*Your objective:* From the first line down to the one containing "小さなお子様がいらっしゃるご家庭でも安心です", reproduce the entries below exactly and leave out the pictures.

*Input data:*
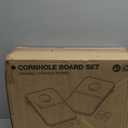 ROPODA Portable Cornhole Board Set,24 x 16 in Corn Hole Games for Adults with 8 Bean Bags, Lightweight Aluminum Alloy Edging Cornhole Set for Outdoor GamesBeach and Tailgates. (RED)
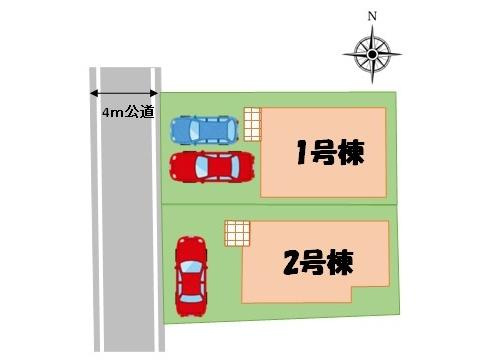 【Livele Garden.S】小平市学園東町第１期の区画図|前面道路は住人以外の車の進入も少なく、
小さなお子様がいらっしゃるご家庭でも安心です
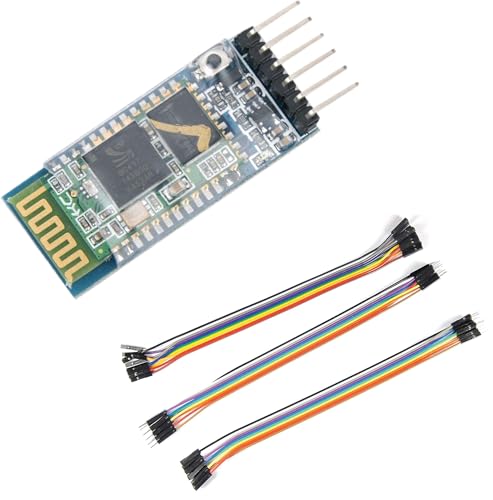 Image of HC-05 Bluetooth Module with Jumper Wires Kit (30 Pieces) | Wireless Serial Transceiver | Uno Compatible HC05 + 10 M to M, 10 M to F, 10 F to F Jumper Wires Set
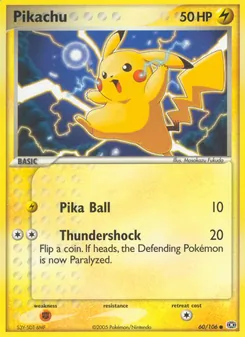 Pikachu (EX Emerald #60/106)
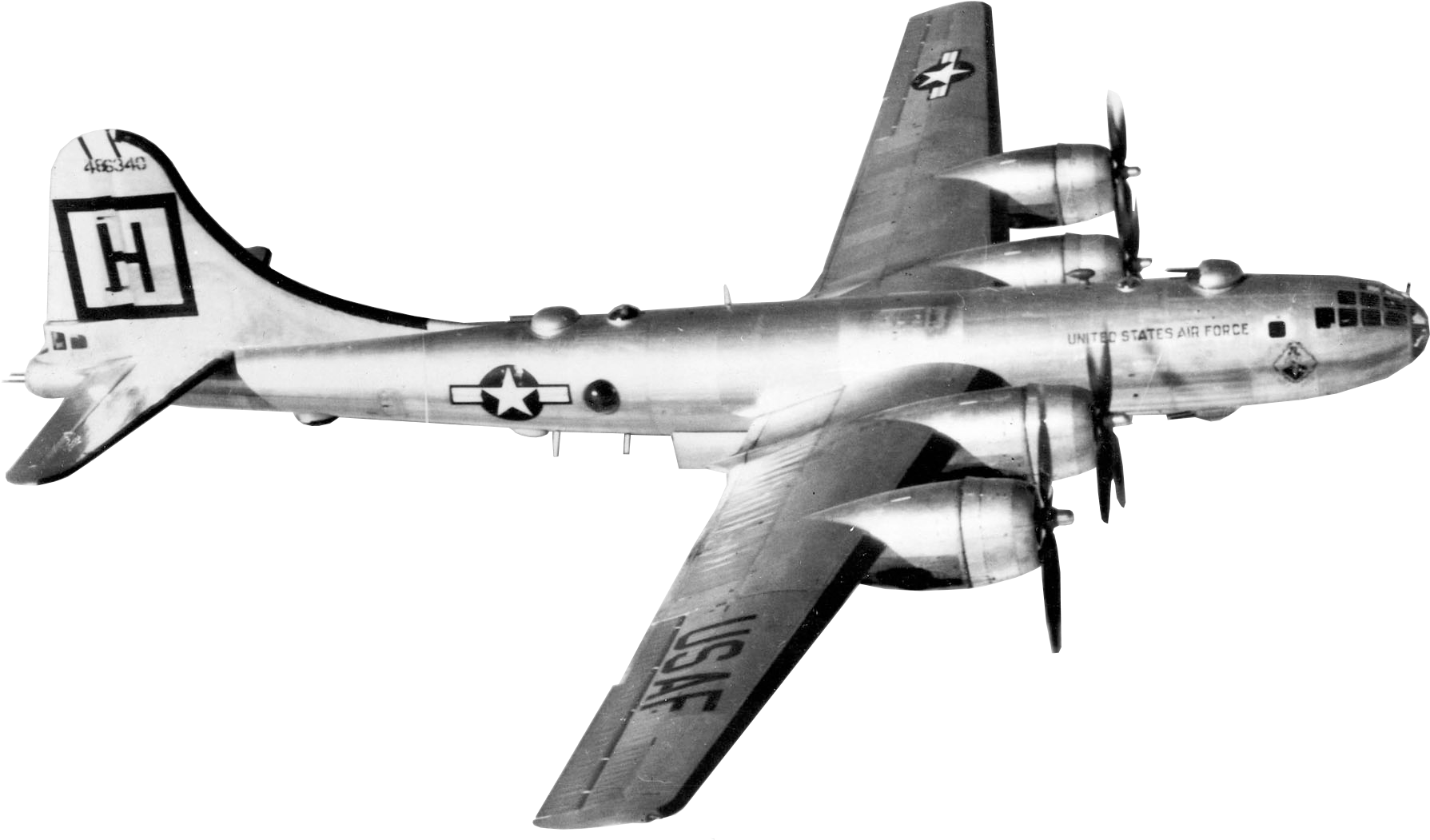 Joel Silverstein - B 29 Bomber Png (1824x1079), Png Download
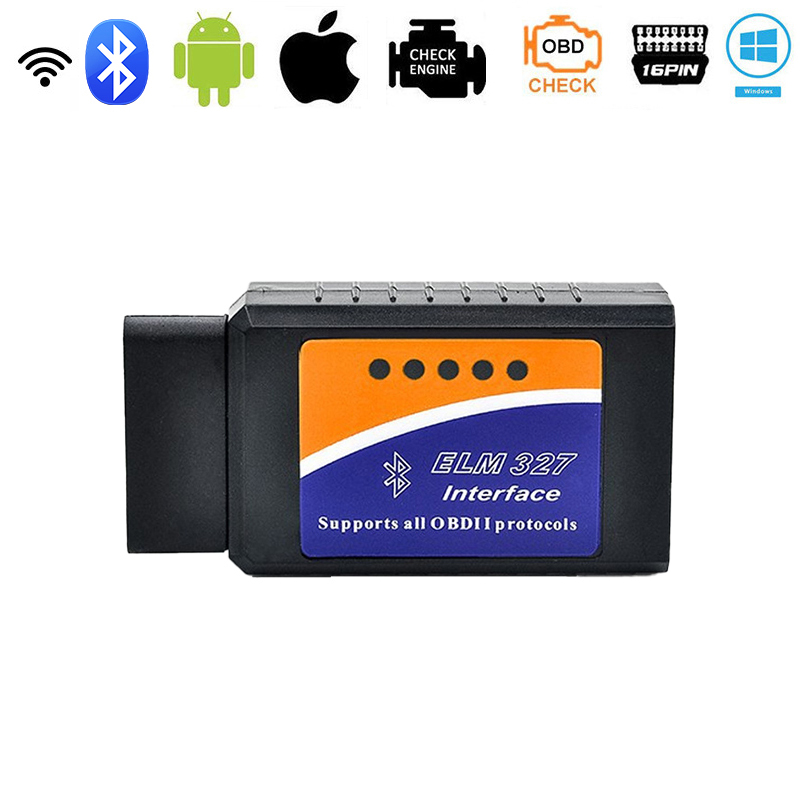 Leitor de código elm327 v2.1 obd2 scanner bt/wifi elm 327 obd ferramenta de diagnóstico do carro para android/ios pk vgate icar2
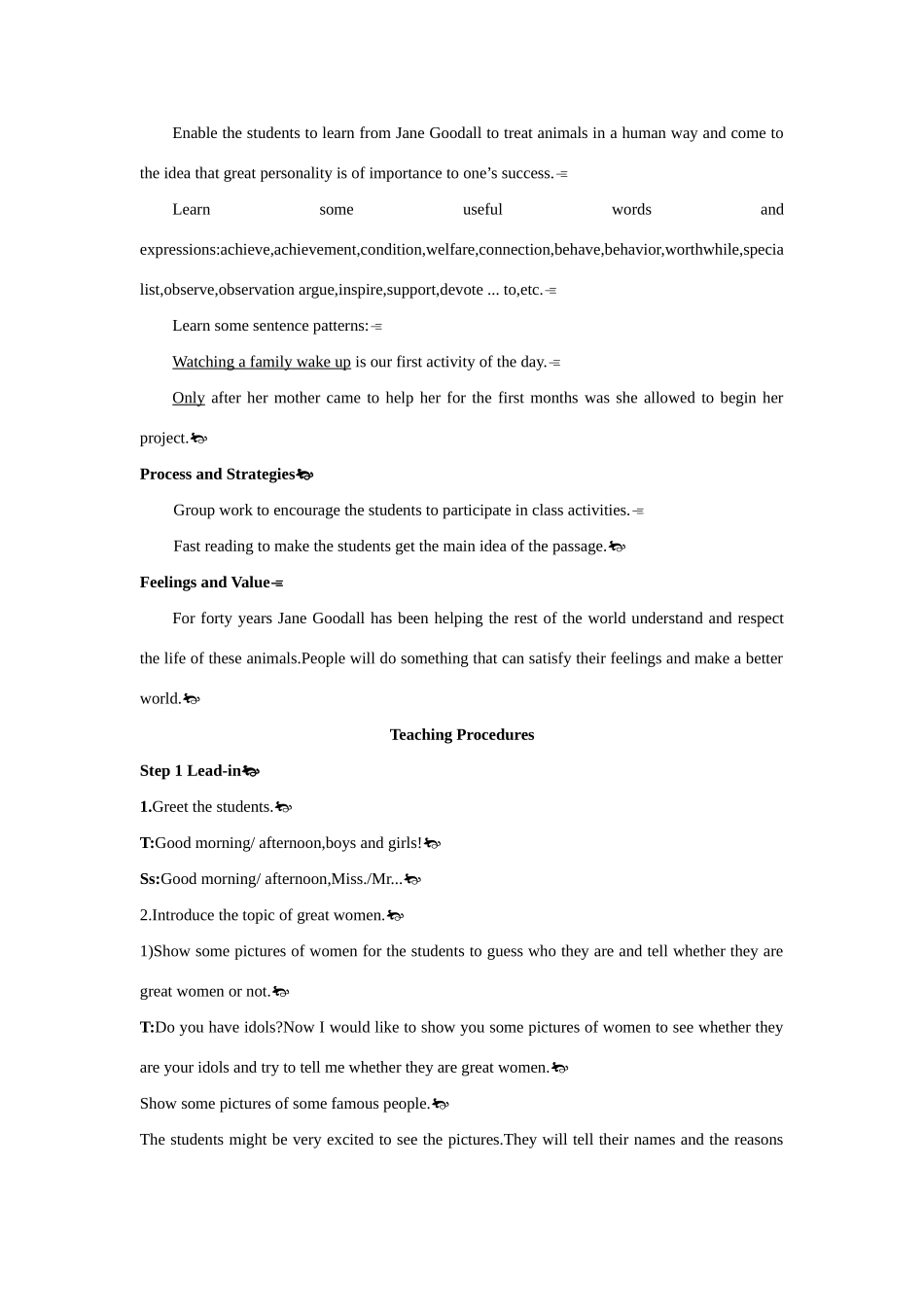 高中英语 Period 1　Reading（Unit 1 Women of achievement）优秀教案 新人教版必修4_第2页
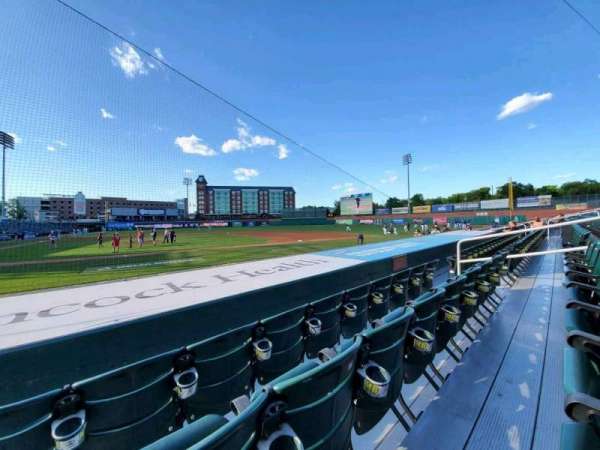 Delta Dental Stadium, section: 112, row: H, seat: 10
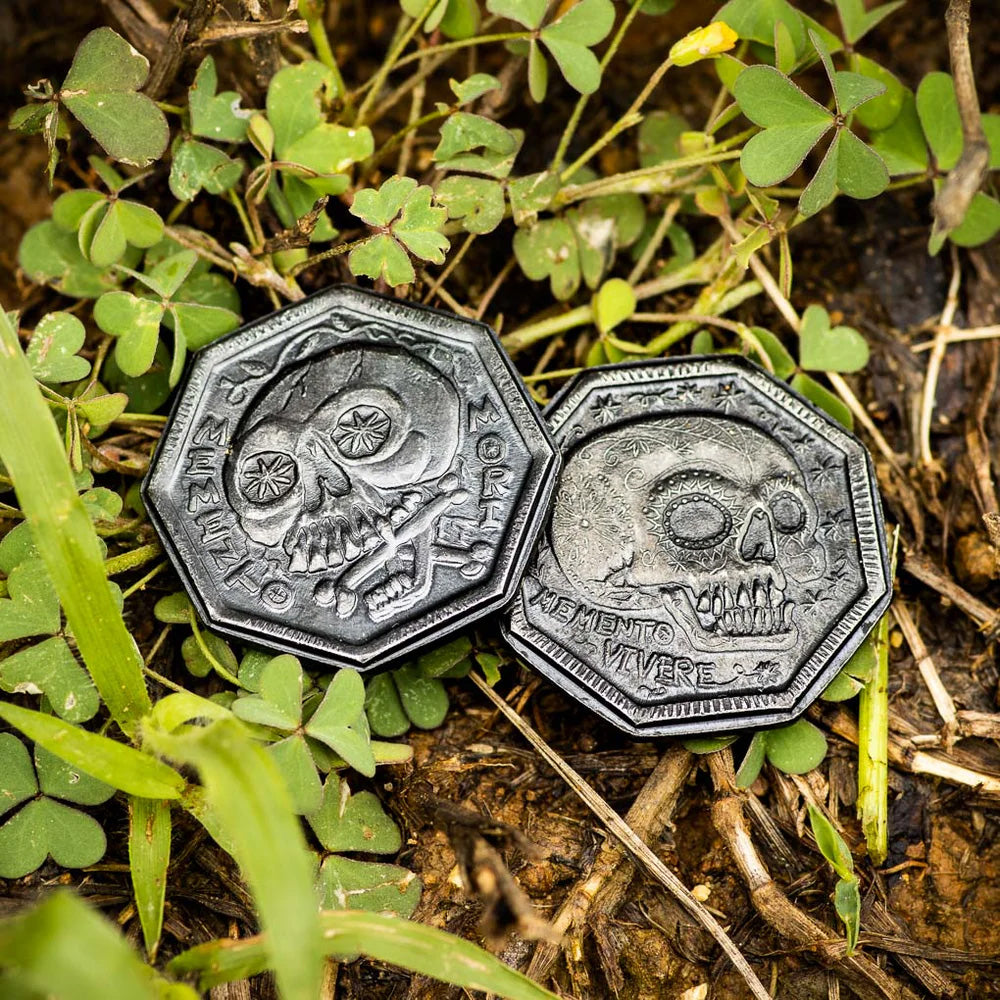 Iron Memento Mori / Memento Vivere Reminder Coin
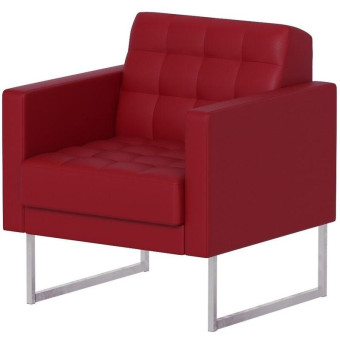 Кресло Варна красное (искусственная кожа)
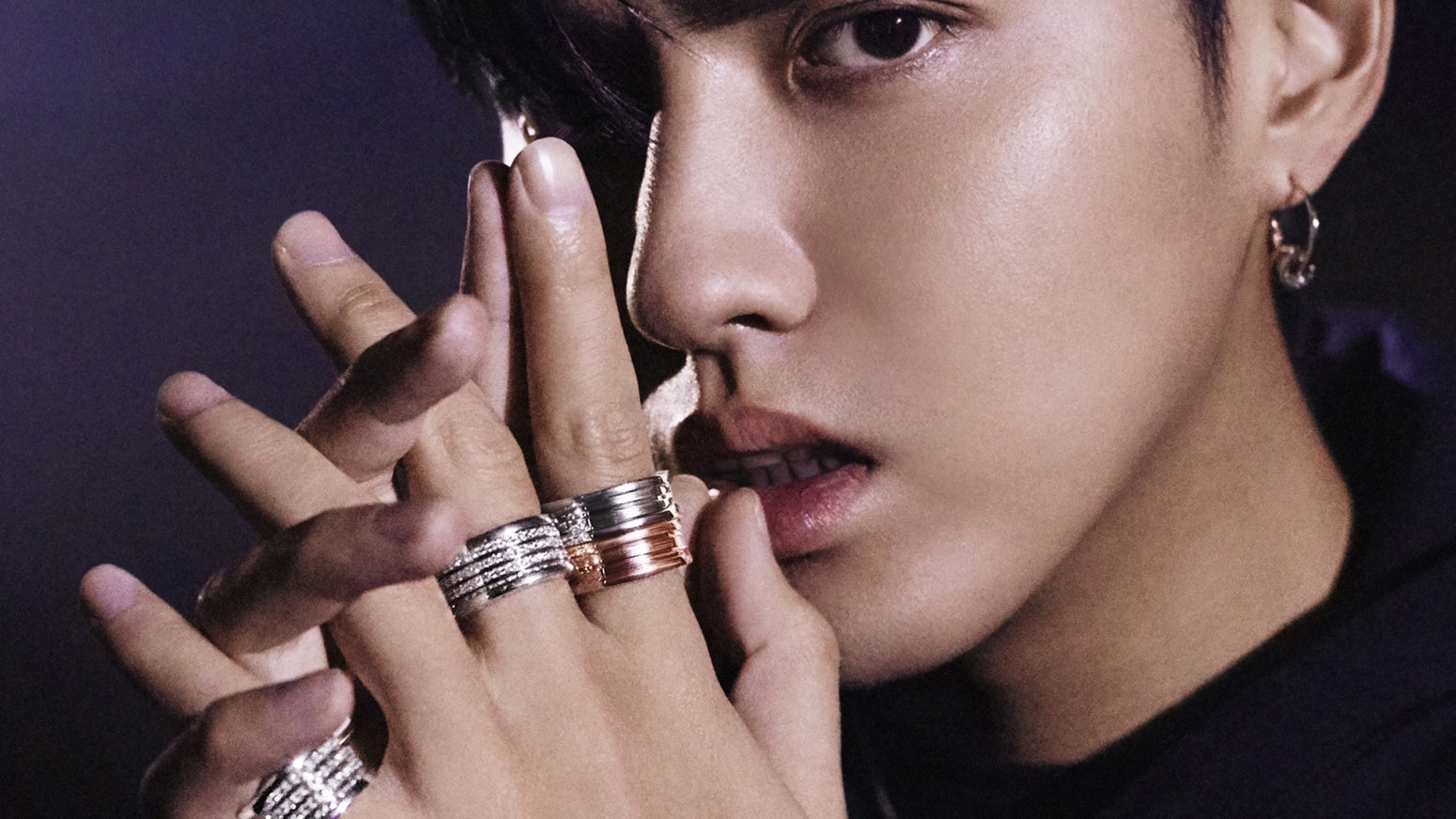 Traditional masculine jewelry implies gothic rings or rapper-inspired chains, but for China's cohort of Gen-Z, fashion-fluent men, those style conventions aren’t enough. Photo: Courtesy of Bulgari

*Task response:*
 ROPODA Portable Cornhole Board Set,24 x 16 in Corn Hole Games for Adults with 8 Bean Bags, Lightweight Aluminum Alloy Edging Cornhole Set for Outdoor GamesBeach and Tailgates. (RED)
 【Livele Garden.S】小平市学園東町第１期の区画図|前面道路は住人以外の車の進入も少なく、
小さなお子様がいらっしゃるご家庭でも安心です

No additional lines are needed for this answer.